In our blog post every Monday we select a reading from the Revised Common Lectionary for the upcoming Sunday, and pair it with a Frederick Buechner reading on the same topic.
Next Sunday we will celebrate the Twenty-second Sunday after Pentecost. Here is this week’s reading from the gospel of Luke:
“And the fact that the dead are raised Moses himself showed, in the story about the bush, where he speaks of the Lord as the God of Abraham, the God of Isaac, and the God of Jacob. Now he is God not of the dead, but of the living; for to him all of them are alive."

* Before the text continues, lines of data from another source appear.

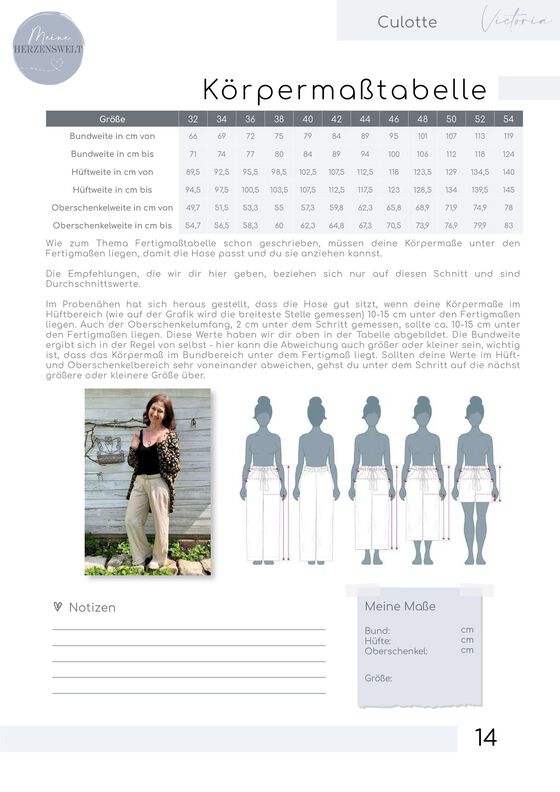 Culotte Damen - eBook Schnittmuster Gr. 32-54 - Victoria image number 2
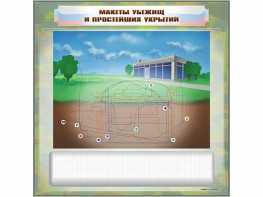 Магнитно-маркерная доска "Макеты убежищ и простейших укрытий" с комплектом фолий и тематических магнитов - fgospostavki.ru - Калуга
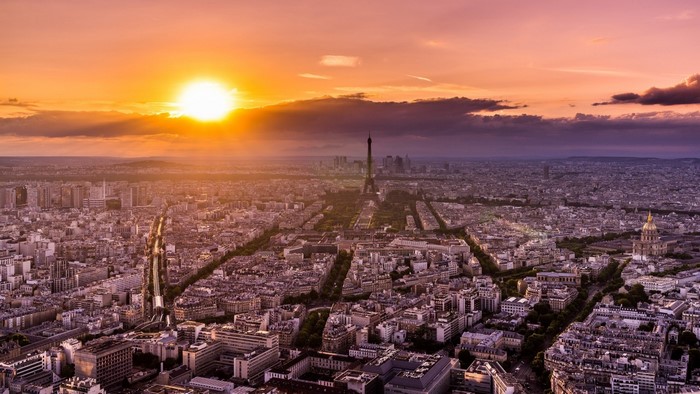 Paris cityscape at sunset with Eiffel Tower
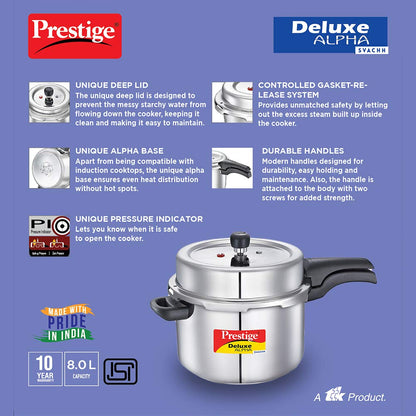 Prestige Deluxe Alpha Stainless Steel Pressure Cooker | 8 Litre | 10 Years Warranty | Large |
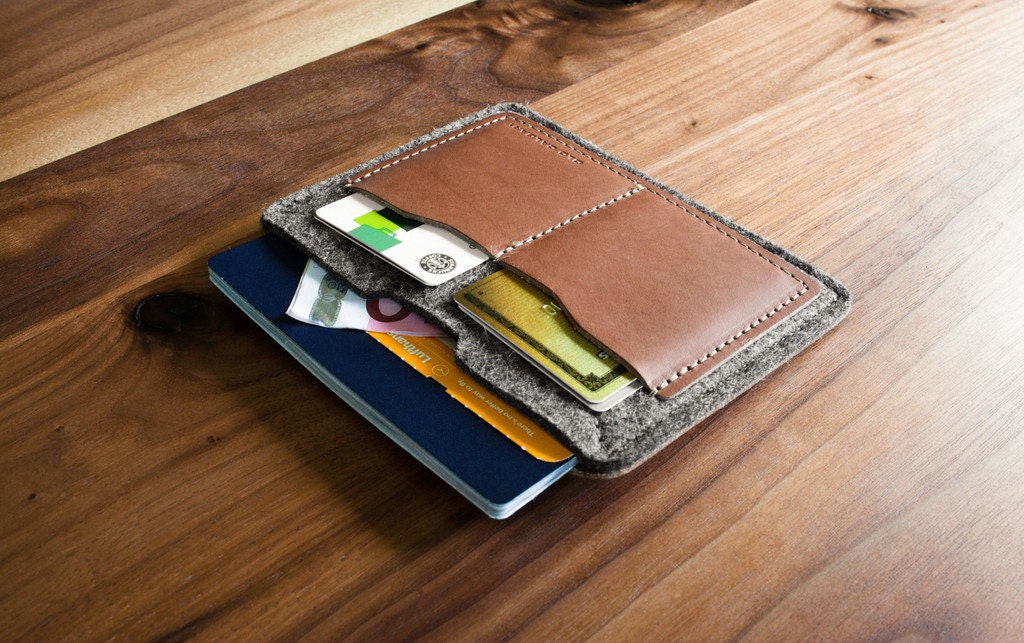 Alpha Passport Wallet in Anthracite - Made in the USA - Handcrafted Organic Wool Felt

Here is an excerpt from The Son of Laughter:
"Your god will doubtless care for you in death as generously,” the king said to Joseph as they stood in the darkness lit only by the guttering torches of the servants, "because you are the friend of the king and have been given the king's ring with his seal upon it and great power over all of the Black Land". Joseph thought of his mother's spent body buried, unbandaged, on the road they had been traveling with only a pillar no taller than a tall man to mark it and of the body of his grandfather Isaac lying under stones near the bodies of Abraham, Isaac's father, and Sarah, his mother, where Joseph's father and Esau had placed it with no treasure of any kind to bring him comfort and only the two ash cakes for food which Esau had placed under his two arms. His father had told him that he heard it said that the dead move like shadows. They dwell, thirsting for light, deeper than the feet of mountains in a land where no light falls. Did the Fear remember them there, Joseph wondered. Did the Fear have a silver boat for sailing them to blessedness, a golden boat like Ra?
"My god is a god of those who are alive," Joseph said to the king.
The chamber where they stood smelled of the cool stone and the burning pitch of the servants' torches.
"He makes us no promises about death," Joseph said. "He makes us promises about life. I do not know what he promises to the dead if he promises them anything.”